State officials argued that spending millions of dollars on signatures and political advertising was “a major purpose” of the group. The Secretary of State’s office fined the group $40,000 and ordered it to reveal its donors in Dec. 2021. The case eventually went to court.

“This new organization … had no longstanding involvement in Colorado politics,” reads a Sept. 2022 filing by Attorney General Phil Weiser’s office. 

The filing continued: “But by the November election this newcomer had spent over $4 million on ballot issue advocacy. Money that went to shaping voter attitudes on fundamental issues like how Colorado funds its government, and how the state allocates its electoral college votes for U.S. President.”

Unite for Colorado, a nonprofit, argued it didn’t trigger the reporting requirements. While it spent about 23 percent of its 2020 budget on ballot initiatives, that money was spread across multiple ballot measures. It didn’t spend more than 9 percent of its total budget on any single measure. 

Therefore, the group argued, its “major purpose” was not to support any single ballot measure. Judge David Goldberg agreed.

“The statute at issue uses the letter ‘a’ in defining a major purpose and the term ‘ballot question’ – not the plural or an aggregation of expenditures on several or all ballot issues or questions,’” wrote Goldberg, a Denver district judge.

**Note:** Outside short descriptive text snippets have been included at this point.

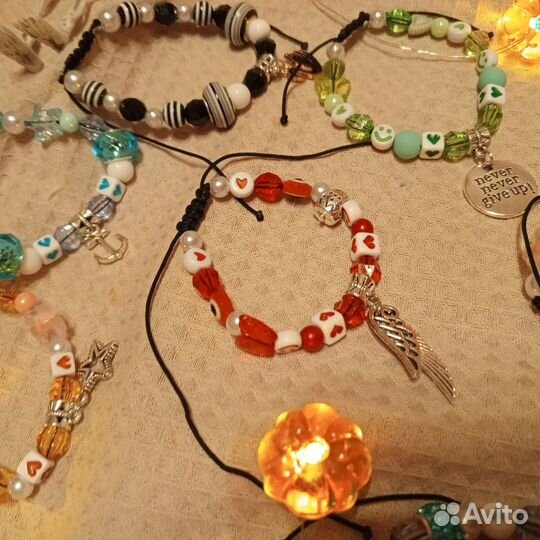 Браслеты с подвесками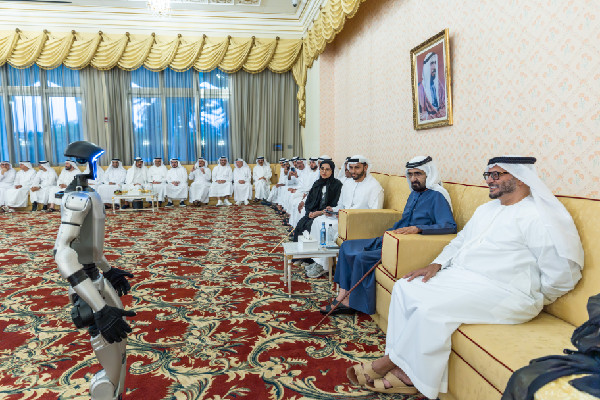 Mohammed bin Rashid Engages with Business Leaders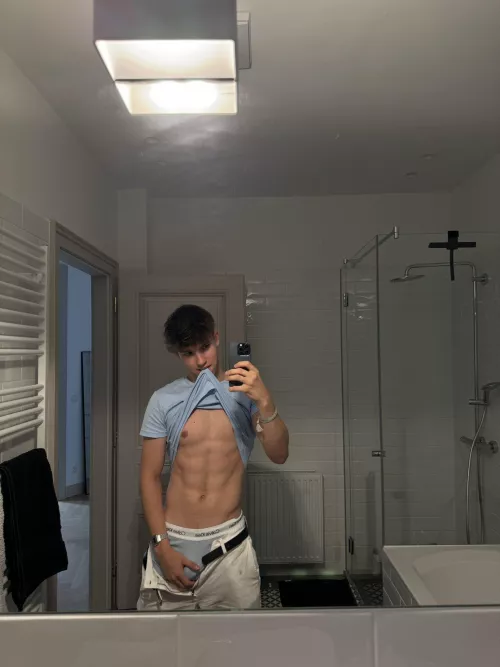 Guess what is my favorite colour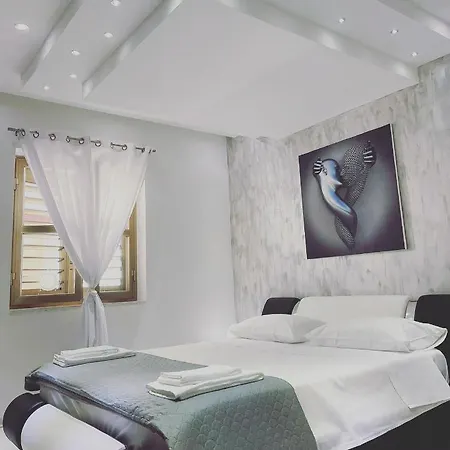 Palm Beach Scalera * San Lucido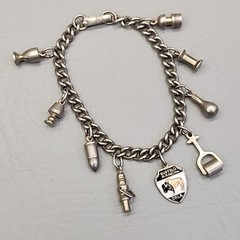 Vintage Enco Charm Bracelet 9 Dangles Buffalo Ranch Shield Silver Tone 7″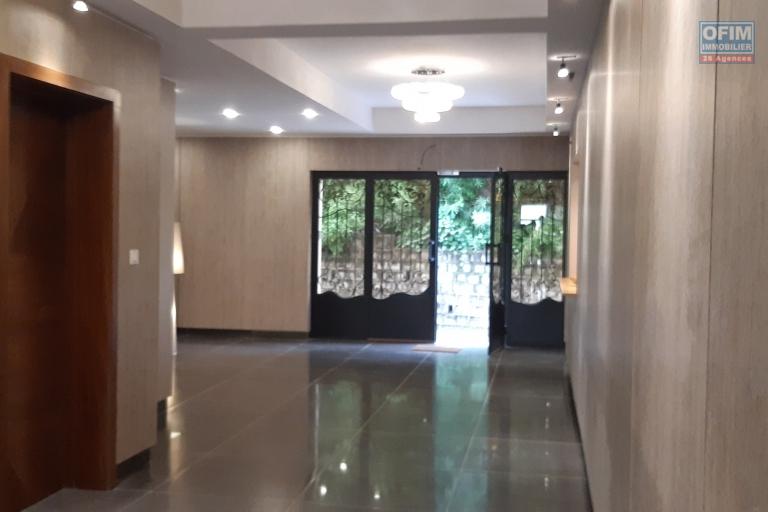 A vendre, bel appartement T3 neuf de 104 m2 avec vue imprenable sur la Haute ville- Antananarivo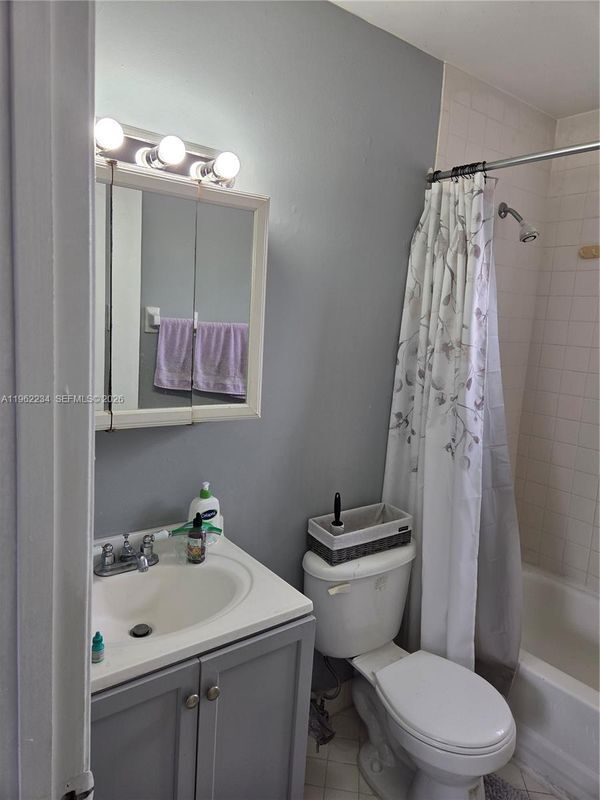 Foto del edificio - 8710 SW 3rd St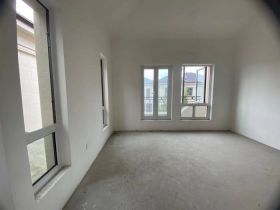 顺发御园 4室2厅4卫 249m&sup2;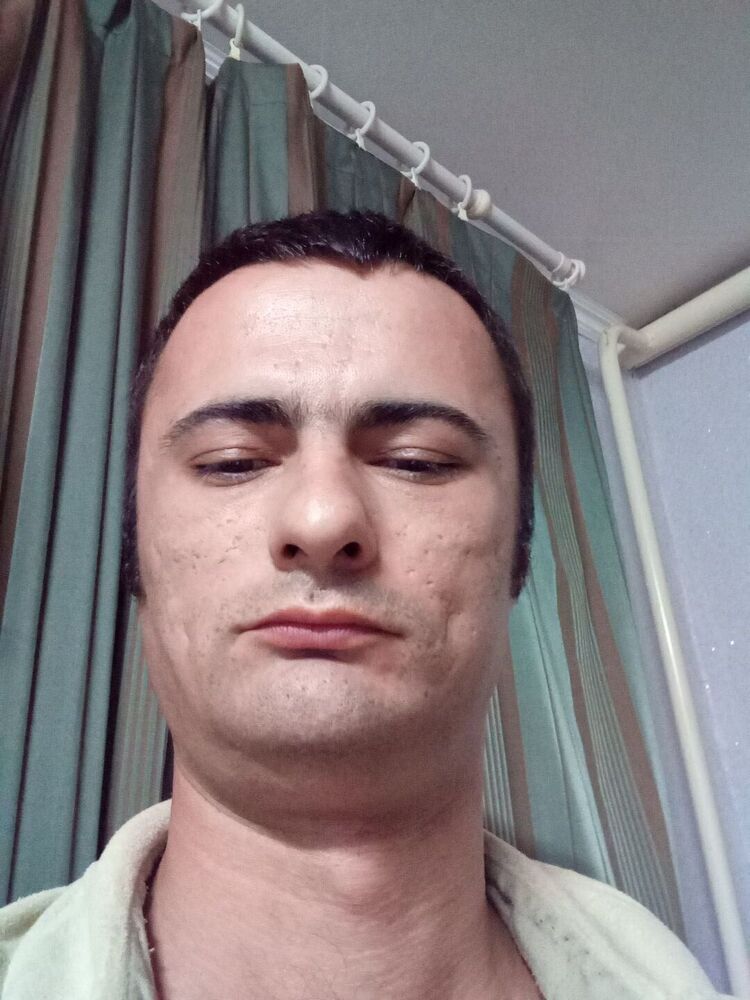  46637008  , 32 ,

But Goldberg’s ruling isn’t the end of the road. The state still can appeal Judge Goldberg’s ruling. There’s also another legal battle over Unite for Colorado’s spending on the 2021 elections.

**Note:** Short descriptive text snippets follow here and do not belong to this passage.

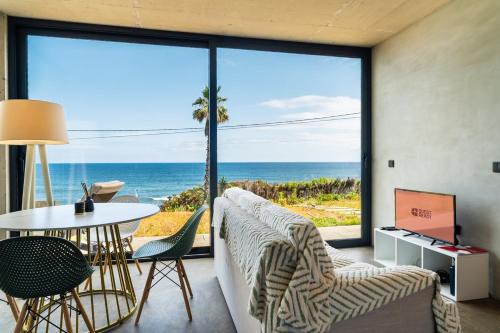 Sao Vicente Casa | GuestReady - Relax & Ride the Waves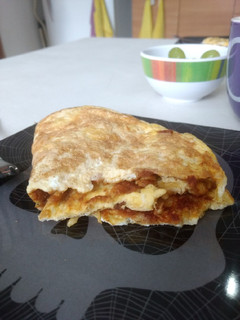 Una foto de Crepa de huevos revueltos con frijoles refritos con chilorio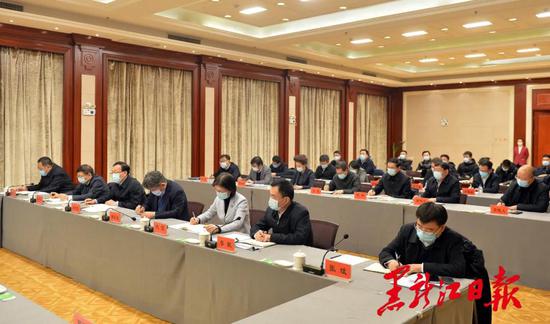 中省直有关部门负责同志参加会议。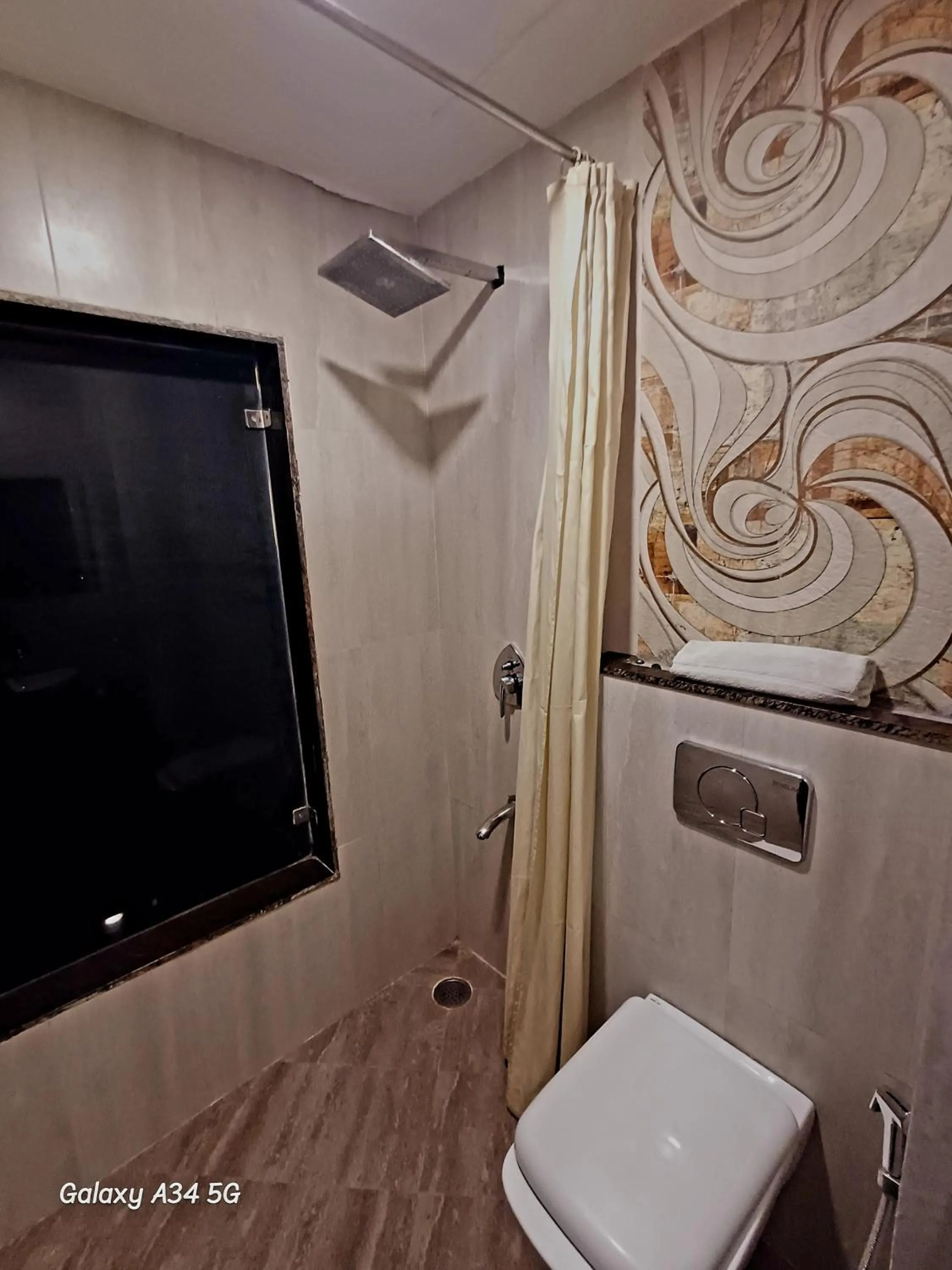 Bathroom in Hotel Suncity Plaza, Sitapura, Jaipur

“The Secretary of State’s Office is reviewing Judge Goldberg’s ruling and discussing the matter with the Department’s legal counsel at the A.G.’s office,” wrote Annie Orloff, a spokesperson for the Secretary of State, in an email to CPR News.

Unite for Colorado's work in local and state elections

Unite for Colorado has supported a range of conservative causes. In 2020, its money backed Proposition 116, which asked voters to cut the state income tax, and Proposition 117, which gave voters new authority over the creation of fees; both measures passed. The group also spent seven figures to oppose the state’s involvement in the national popular vote effort. That measure still passed.

It also has spent millions of dollars to support a network of conservative groups and candidates, as The Colorado Sun reported. Its director at the time of the 2020 spending was Dustin Zvonek, now an Aurora city councilman.

The group argued it was being singled out by Democrats in the Secretary of State’s Office because of its politics. Liberal-leaning groups similarly have used dark-money protections to spend large amounts of money from anonymous sources.

The state legislature recently tried to settle these kinds of questions more definitively. A new law sets much firmer standards for independent expenditures. SB22-237 says that a group like a nonprofit only has to register if it spends more than 20 percent of its budget on a single ballot issue, or 30 percent on ballot issues generally, over a period of three calendar years.

Under those standards, Unite for Colorado would have been in the clear.